[Exercise directions]:
Keep every line in which "Luxury" occurs and drop the rest of the data.
+-------+
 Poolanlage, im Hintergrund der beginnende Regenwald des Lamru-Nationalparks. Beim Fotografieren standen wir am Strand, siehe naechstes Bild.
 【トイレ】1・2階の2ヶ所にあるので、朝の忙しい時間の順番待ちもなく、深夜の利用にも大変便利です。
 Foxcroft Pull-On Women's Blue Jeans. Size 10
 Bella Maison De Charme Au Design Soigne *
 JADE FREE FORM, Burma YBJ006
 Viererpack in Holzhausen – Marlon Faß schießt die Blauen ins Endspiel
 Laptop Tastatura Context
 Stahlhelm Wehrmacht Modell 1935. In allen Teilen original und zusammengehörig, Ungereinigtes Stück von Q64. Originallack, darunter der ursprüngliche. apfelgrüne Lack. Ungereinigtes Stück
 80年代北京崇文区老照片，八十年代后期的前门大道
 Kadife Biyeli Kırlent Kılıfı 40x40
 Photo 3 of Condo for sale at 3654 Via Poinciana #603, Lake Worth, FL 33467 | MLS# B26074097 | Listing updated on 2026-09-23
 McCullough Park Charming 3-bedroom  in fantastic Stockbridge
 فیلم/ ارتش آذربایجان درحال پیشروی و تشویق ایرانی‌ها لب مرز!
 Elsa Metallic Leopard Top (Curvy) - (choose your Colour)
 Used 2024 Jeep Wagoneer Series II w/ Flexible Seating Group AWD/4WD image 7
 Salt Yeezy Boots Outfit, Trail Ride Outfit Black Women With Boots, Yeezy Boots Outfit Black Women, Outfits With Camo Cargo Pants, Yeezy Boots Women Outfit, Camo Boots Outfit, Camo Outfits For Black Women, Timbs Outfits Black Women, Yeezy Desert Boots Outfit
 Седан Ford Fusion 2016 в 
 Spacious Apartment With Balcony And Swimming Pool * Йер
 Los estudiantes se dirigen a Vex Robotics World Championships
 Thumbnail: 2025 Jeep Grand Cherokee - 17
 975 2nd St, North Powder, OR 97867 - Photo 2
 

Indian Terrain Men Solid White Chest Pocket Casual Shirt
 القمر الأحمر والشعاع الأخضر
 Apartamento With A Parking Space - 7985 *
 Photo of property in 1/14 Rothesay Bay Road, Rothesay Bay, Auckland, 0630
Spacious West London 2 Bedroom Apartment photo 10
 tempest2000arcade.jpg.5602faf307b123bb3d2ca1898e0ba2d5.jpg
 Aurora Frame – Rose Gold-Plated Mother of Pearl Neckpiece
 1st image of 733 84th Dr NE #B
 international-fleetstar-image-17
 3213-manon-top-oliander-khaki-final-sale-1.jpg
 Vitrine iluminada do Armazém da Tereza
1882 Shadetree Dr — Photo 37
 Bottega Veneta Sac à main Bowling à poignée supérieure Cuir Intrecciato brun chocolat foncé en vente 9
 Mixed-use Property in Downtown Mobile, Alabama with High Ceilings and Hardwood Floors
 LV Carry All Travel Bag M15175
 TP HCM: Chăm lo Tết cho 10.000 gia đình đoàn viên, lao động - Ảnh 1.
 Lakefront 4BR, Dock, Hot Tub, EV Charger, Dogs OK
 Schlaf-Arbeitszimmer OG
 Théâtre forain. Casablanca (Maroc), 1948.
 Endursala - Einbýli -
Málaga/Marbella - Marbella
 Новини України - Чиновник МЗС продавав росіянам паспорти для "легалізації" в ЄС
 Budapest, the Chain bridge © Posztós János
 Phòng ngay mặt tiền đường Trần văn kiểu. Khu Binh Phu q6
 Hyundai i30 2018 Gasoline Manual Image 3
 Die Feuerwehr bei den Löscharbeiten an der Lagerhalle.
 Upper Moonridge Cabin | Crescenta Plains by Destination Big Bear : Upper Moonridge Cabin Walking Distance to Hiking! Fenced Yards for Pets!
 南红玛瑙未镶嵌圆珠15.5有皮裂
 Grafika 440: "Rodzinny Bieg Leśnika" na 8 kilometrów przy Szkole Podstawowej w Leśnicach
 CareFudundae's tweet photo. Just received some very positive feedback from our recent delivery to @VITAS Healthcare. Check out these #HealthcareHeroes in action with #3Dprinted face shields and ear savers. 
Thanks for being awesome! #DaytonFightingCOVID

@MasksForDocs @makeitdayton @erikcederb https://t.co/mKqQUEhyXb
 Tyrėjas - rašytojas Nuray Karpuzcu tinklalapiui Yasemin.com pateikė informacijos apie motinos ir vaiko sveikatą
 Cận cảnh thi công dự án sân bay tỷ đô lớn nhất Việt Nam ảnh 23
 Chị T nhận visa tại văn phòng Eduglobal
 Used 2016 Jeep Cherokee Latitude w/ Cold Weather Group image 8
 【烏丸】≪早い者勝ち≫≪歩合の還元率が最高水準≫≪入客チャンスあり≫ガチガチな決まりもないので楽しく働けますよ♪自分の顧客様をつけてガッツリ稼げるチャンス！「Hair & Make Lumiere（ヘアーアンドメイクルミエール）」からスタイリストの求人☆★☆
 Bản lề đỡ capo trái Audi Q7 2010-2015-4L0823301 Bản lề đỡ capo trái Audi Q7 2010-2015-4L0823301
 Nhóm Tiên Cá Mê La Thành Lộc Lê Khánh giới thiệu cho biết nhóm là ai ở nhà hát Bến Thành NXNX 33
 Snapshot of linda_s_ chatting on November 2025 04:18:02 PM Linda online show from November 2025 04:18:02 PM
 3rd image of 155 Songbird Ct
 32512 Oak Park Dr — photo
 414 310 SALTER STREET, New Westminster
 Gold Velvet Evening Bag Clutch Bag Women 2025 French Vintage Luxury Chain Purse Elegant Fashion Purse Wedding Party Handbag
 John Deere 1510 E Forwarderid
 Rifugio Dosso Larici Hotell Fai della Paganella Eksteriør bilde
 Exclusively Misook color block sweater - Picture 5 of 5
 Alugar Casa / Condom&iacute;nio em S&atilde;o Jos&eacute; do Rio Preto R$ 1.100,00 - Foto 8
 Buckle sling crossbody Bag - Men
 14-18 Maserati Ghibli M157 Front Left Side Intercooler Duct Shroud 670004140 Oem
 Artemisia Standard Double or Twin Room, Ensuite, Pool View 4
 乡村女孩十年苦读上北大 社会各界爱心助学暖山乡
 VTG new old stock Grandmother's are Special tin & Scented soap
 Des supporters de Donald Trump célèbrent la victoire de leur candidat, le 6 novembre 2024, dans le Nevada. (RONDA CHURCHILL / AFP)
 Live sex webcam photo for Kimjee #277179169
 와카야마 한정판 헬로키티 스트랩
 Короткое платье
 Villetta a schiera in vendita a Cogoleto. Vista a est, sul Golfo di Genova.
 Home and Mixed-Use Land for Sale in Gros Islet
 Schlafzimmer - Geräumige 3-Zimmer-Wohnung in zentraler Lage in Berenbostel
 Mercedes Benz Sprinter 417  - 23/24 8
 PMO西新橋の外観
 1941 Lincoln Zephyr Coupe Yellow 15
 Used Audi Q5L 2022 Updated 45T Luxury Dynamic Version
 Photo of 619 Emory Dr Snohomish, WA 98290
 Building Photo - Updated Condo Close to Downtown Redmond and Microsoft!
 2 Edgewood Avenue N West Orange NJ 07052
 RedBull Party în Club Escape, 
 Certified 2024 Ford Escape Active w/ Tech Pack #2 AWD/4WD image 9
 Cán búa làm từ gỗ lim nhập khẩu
+-------+
[Answer to this problem]:
 Gold Velvet Evening Bag Clutch Bag Women 2025 French Vintage Luxury Chain Purse Elegant Fashion Purse Wedding Party Handbag
 Used Audi Q5L 2022 Updated 45T Luxury Dynamic Version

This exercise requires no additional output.